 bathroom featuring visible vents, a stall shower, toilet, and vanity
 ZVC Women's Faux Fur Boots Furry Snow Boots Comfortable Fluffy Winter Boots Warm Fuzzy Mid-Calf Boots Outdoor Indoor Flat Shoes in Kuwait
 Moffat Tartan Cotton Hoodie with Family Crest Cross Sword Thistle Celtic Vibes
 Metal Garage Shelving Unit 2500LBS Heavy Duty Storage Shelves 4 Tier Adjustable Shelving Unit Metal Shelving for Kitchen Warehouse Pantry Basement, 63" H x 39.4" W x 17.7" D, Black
--
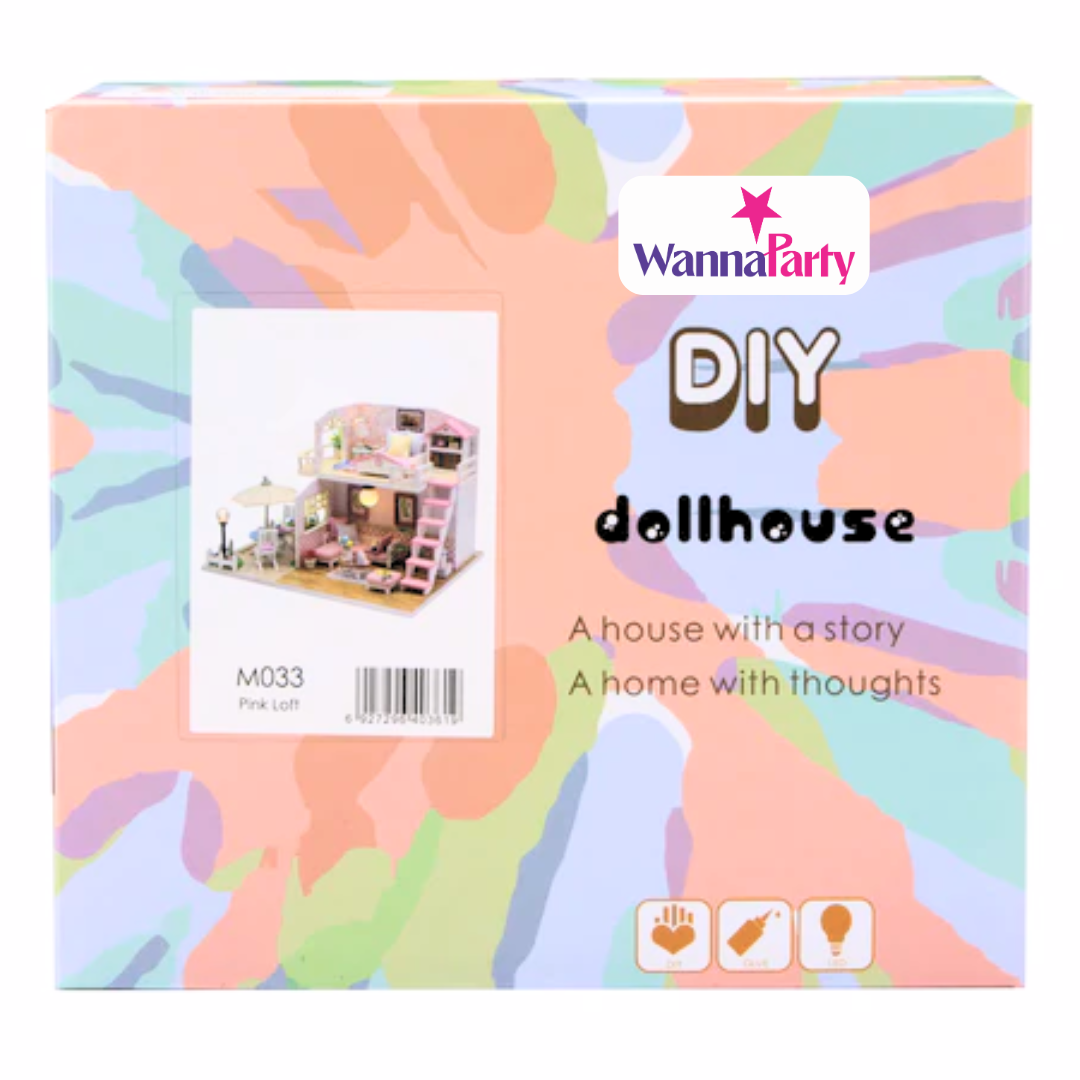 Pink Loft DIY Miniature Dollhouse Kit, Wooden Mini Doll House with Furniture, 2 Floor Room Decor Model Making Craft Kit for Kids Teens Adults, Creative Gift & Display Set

§ **Work required**: Beginning with the line that has "bathroom featuring visible" and ending with the line that has "Metal Garage Shelving", set down the lines above exactly and include no others.

§ **Exercise solution**:
 bathroom featuring visible vents, a stall shower, toilet, and vanity
 ZVC Women's Faux Fur Boots Furry Snow Boots Comfortable Fluffy Winter Boots Warm Fuzzy Mid-Calf Boots Outdoor Indoor Flat Shoes in Kuwait
 Moffat Tartan Cotton Hoodie with Family Crest Cross Sword Thistle Celtic Vibes
 Metal Garage Shelving Unit 2500LBS Heavy Duty Storage Shelves 4 Tier Adjustable Shelving Unit Metal Shelving for Kitchen Warehouse Pantry Basement, 63" H x 39.4" W x 17.7" D, Black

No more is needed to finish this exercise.